**EXERCISE DESCRIPTION**.
Nothing but the lines from the one containing "美式棕咖色微喇牛仔裤女2025新款秋冬爆款显瘦宽松不贴腿拖地裤子" through the last line of the data below should be returned, each copied exactly.

**RECORDS FOR THE EXERCISE**.
________________

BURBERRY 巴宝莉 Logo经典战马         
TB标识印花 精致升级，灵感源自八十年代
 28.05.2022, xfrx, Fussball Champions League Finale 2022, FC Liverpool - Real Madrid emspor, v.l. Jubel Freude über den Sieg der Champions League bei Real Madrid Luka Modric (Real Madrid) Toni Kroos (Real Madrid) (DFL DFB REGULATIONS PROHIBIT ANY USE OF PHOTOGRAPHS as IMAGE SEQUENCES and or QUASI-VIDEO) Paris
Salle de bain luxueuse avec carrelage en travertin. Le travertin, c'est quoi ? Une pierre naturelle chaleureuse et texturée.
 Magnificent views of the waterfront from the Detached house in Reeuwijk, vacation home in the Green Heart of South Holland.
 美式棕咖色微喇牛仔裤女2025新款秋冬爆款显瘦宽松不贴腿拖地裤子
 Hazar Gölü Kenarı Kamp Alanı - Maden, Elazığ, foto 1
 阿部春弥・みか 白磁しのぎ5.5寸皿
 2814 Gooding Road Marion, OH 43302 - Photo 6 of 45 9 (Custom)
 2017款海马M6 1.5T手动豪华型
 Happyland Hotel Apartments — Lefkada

________________

**COMPLETED EXERCISE**.
 美式棕咖色微喇牛仔裤女2025新款秋冬爆款显瘦宽松不贴腿拖地裤子
 Hazar Gölü Kenarı Kamp Alanı - Maden, Elazığ, foto 1
 阿部春弥・みか 白磁しのぎ5.5寸皿
 2814 Gooding Road Marion, OH 43302 - Photo 6 of 45 9 (Custom)
 2017款海马M6 1.5T手动豪华型
 Happyland Hotel Apartments — Lefkada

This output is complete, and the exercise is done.